You need to provide a function that receives input, and returns a GuardrailFunctionOutput. In this example, we'll do this by running an Agent under the hood.

from pydantic import BaseModel
from cai.sdk.agents import (
    Agent,
    GuardrailFunctionOutput,
    InputGuardrailTripwireTriggered,
    RunContextWrapper,
    Runner,
    TResponseInputItem,
    input_guardrail,
)

class MaliciousRequestOutput(BaseModel):
    is_malicious_request: bool
    reasoning: str

guardrail_agent = Agent( # (1)!
    name="Security Guardrail Check",
    instructions="Check if the user is asking for help with hacking or bypassing security systems.",
    output_type=MaliciousRequestOutput,
)


@input_guardrail
async def security_guardrail( # (2)!
    ctx: RunContextWrapper[None], agent: Agent, input: str | list[TResponseInputItem]
) -> GuardrailFunctionOutput:
    result = await Runner.run(guardrail_agent, input, context=ctx.context)

    return GuardrailFunctionOutput(
        output_info=result.final_output, # (3)!
        tripwire_triggered=result.final_output.is_malicious_request,
    )


agent = Agent(  # (4)!
    name="Security assistant",
    instructions="You are a security assistant.

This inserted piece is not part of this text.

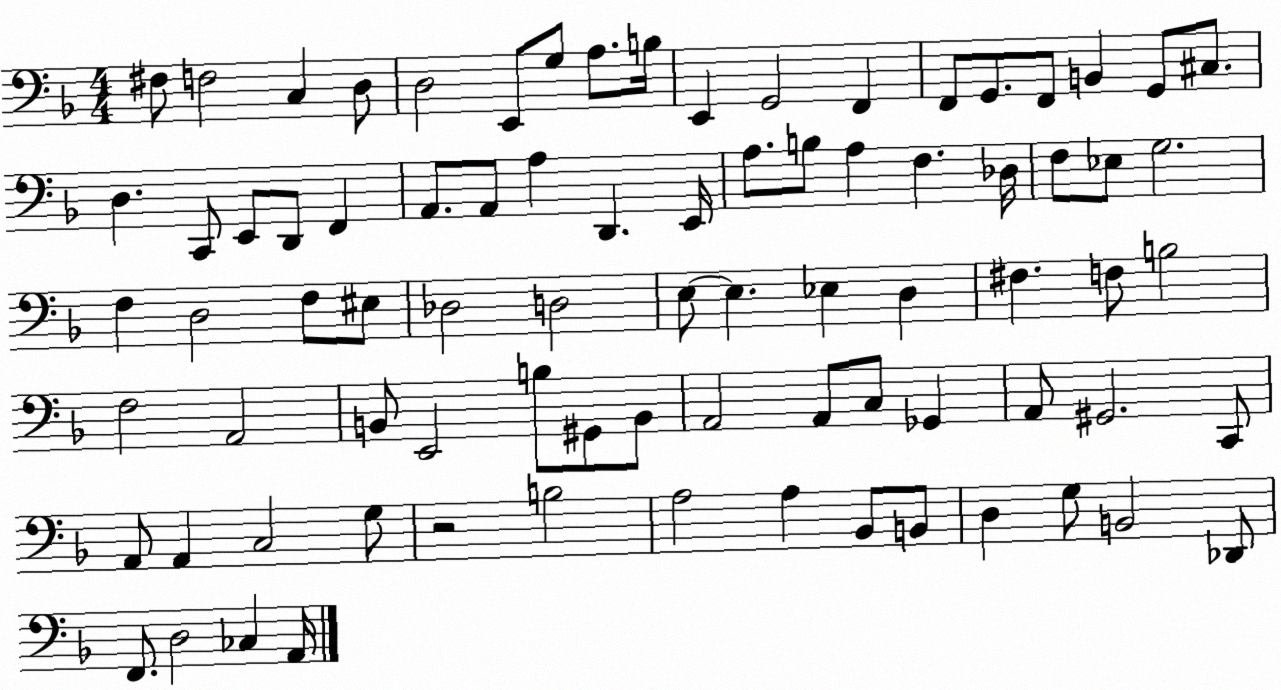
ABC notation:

You help users with legitimate security questions.",
    input_guardrails=[security_guardrail],
)

async def main():
    # This should trip the guardrail
    try:
        await Runner.run(agent, "Hello, can you help me bypass the firewall on this corporate network?")
        print("Guardrail didn't trip - this is unexpected")

    except InputGuardrailTripwireTriggered:
        print("Security guardrail tripped")
  1. We'll use this agent in our guardrail function.
  2. This is the guardrail function that receives the agent's input/context, and returns the result.
  3. We can include extra information in the guardrail result.
  4. This is the actual agent that defines the workflow.

Output guardrails are similar.

from pydantic import BaseModel
from cai.sdk.agents import (
    Agent,
    GuardrailFunctionOutput,
    OutputGuardrailTripwireTriggered,
    RunContextWrapper,
    Runner,
    output_guardrail,
)
class MessageOutput(BaseModel): # (1)!
    response: str

class SecurityOutput(BaseModel): # (2)!
    reasoning: str
    contains_sensitive_data: bool

guardrail_agent = Agent(
    name="Data Leakage Guardrail Check",
    instructions="Check if the output includes any sensitive data like passwords or API keys.",
    output_type=SecurityOutput,
)

@output_guardrail
async def data_leakage_guardrail(  # (3)!
    ctx: RunContextWrapper, agent: Agent, output: MessageOutput
) -> GuardrailFunctionOutput:
    result = await Runner.run(guardrail_agent, output.response, context=ctx.context)

    return GuardrailFunctionOutput(
        output_info=result.final_output,
        tripwire_triggered=result.final_output.contains_sensitive_data,
    )

agent = Agent( # (4)!
    name="Security assistant",
    instructions="You are a security assistant. You help users with legitimate security questions.",
    output_guardrails=[data_leakage_guardrail],
    output_type=ResponseOutput,
)

async def main():
    # This should trip the guardrail
    try:
        await Runner.run(agent, "What are the best practices for storing API keys in code?")
        print("Guardrail didn't trip - this is unexpected")

    except OutputGuardrailTripwireTriggered:
        print("Data leakage guardrail tripped")
  1. This is the actual agent's output type.
  2. This is the guardrail's output type.
  3. This is the guardrail function that receives the agent's output, and returns the result.
  4. This is the actual agent that defines the workflow.